Private sector growth hit 13-month high in December 2025
Nigeria’s private sector wrapped up 2025 on a strong note, as heightened festive season demand propelled business activity to a 13-month peak, based on the latest Stanbic IBTC Purchasing Managers’ Index.
The headline PMI reached 53.5 in December, a slight decline from November's 53.6, yet it remained well above the 50.0 threshold that differentiates expansion from contraction.
The survey indicated that the December figure reflected a monthly enhancement in business conditions, marking the thirteenth consecutive month of growth, which was generally consistent with the overall performance observed during 2025.

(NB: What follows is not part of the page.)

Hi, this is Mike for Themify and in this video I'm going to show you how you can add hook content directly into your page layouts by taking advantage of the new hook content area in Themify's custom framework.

“The expansion in December was primarily fueled by increased customer demand, resulting in a significant rise in new orders. Sales growth continued for the fourteenth month in a row, only slightly tapering from the pace noted in November,” the report mentioned.

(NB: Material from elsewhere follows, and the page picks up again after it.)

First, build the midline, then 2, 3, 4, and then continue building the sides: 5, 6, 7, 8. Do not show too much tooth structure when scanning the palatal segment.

In response to the rising workload, companies significantly boosted their output, with growth broadly aligning with the figures recorded in the preceding month.

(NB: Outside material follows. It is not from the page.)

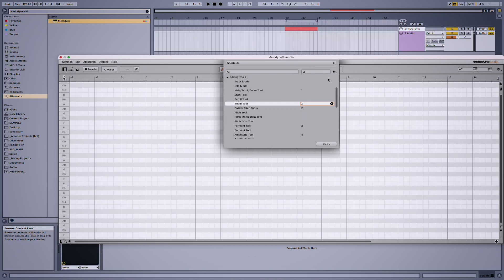So now your configuration will show up in the menu as what you named it, across all DAWs and in standalone. This is great if you tend to work on new setups often, because you can just throw the file on a thumb drive and then just load it up wherever you need to work.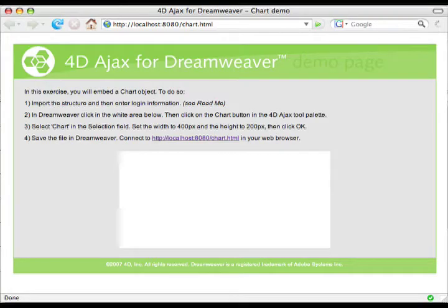What we're going to do today is embed a 4D Ajax framework object — the chart object — onto this page using Dreamweaver.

All four major sectors included in the survey experienced increased output during this period, with the agriculture sector leading the charge in expansion.
The survey highlighted that improved demand conditions also led businesses to enhance their purchasing activity and increase inventory levels.
Employment figures went up in December again, although the rate of job creation was minimal, representing the slowest increase recorded since June 2025.
The report additionally indicated a notable rise in business confidence at the year’s end, hitting a six-month peak.
Nearly 59 percent of respondents expressed a positive outlook on future activity, bolstered by intentions to invest in expanding operations, establishing new branches, and boosting export capabilities.
Reflecting on the report, Muyiwa Oni, Head of Equity Research for West Africa at Stanbic IBTC Bank, noted that the December PMI reading had moderated for the second month in succession yet remained solidly within growth territory and was generally in line with the average performance for 2025.
He explained that the ongoing expansion was indicative of stronger customer demand, which facilitated growth in new orders and motivated companies to enhance their purchasing activities and accumulate inventory levels.
Oni pointed out that although input prices surged significantly in December compared to a nearly five-year low recorded in November, inflation remained below the 2025 average.
He attributed the surge partly to increased spending during the festive season and projected a monthly inflation rate of 1.44 percent for December, suggesting a year-on-year headline inflation rate of 32.34 percent.
Looking ahead, Stanbic IBTC anticipates that Nigeria’s economy will grow by 3.8 percent year-on-year in 2025 and will further accelerate to 4.1 percent in 2026.
This growth perspective is expected to be supported by enhanced manufacturing and service activities, infrastructure advancements, improved trade conditions, and the forward-linkage impacts of the Dangote refinery.
“Lower interest rates, stabilization of the exchange rate, and broader sectoral contributions are expected to further facilitate private consumption, investment, and overall economic growth in 2026,” he stated.